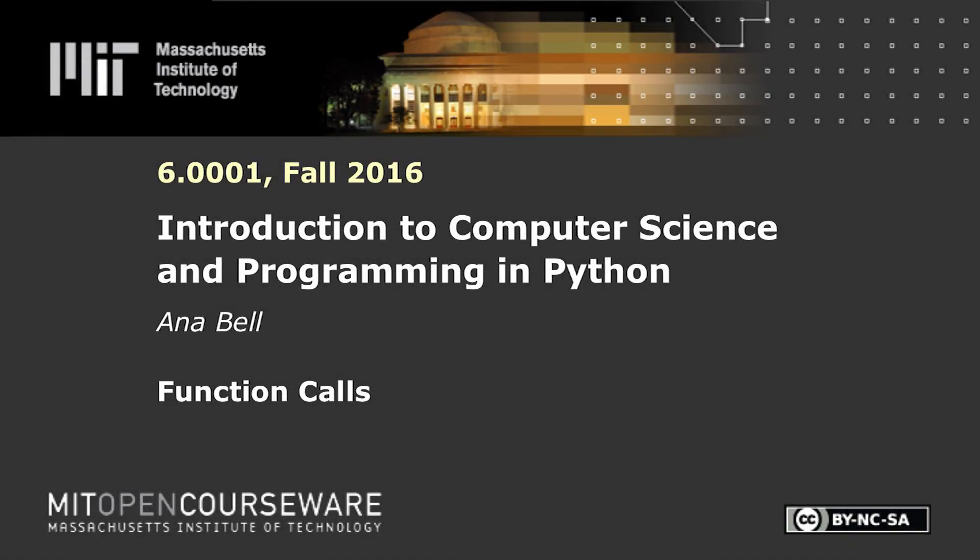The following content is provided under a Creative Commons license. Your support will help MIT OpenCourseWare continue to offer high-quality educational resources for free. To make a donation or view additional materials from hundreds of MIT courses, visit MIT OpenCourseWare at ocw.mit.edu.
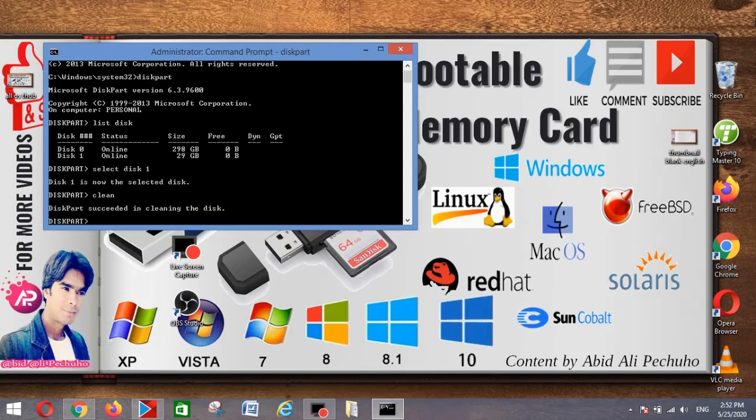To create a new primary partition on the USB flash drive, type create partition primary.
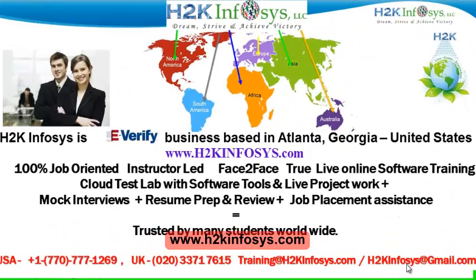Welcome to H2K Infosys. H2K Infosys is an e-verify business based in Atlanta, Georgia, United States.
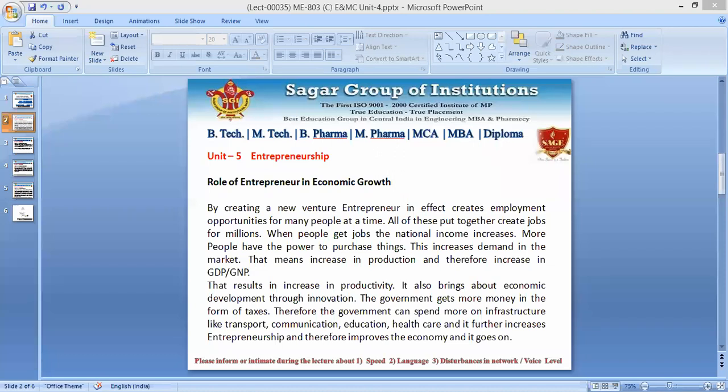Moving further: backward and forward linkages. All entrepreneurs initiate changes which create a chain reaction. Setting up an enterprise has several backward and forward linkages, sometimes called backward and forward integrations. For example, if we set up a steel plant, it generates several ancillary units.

*****

• _YOUR TASK_:
Transcribe, word for word, only the material from its opening line through the line containing "Welcome to H2K", both ends included, and omit the pictures.

• _WRITTEN SOLUTION_:
The following content is provided under a Creative Commons license. Your support will help MIT OpenCourseWare continue to offer high-quality educational resources for free. To make a donation or view additional materials from hundreds of MIT courses, visit MIT OpenCourseWare at ocw.mit.edu.
To create a new primary partition on the USB flash drive, type create partition primary.
Welcome to H2K Infosys. H2K Infosys is an e-verify business based in Atlanta, Georgia, United States.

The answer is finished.